Statistisch belegt ist das in dem Lagebild aber nur zum Teil. So werden in den drei abgebildeten Jahren lediglich zehn Verfahren zu organisierter Kriminalität geführt. Die deutliche Mehrheit der Straftaten machen die Rohheitsdelikte aus.

Ehre und das Recht des Stärkeren

"Jahrelang wurden die Hinweise der Bürger, aber auch aus Polizeikreisen, zu diesem Problem geflissentlich ignoriert", erklärte Reul. "Ob aus falsch verstandener politischer Korrektheit, oder weil man der Auffassung war, dass nicht sein kann, was nicht sein darf – damit ist nun endlich Schluss."

Kriminelle Clanmitglieder folgten nach Einschätzung der Ermittler den beiden Grundprinzipien, dass die sogenannte Ehre der Familie über alles gehe und das Recht des Stärkeren gelte, sagte Thomas Jungbluth, Leiter der Abteilung für Organisierte Kriminalität beim LKA. Reul hingegen bekräftigte: "Bei uns gilt nicht das Gesetz des Clans, sondern das Gesetz des Staats."
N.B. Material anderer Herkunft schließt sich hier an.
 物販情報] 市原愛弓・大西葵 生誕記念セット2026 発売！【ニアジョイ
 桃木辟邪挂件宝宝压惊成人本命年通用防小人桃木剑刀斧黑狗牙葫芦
Der NRW-Innenminister sprach mit Blick auf kriminelle Strukturen in manchen Großfamilien von "Mafiastrukturen und Parallelwelten, in denen die Missachtung von Recht und Gesetz von einer Generation auf die nächste weitergegeben wird". Es sei deswegen auch das Ziel der Behörden, diesen Mechanismus zu durchbrechen – "schon im Interesse der Kinder, die in diesem Milieu aus Gewalt und Verbrechen aufwachsen müssen".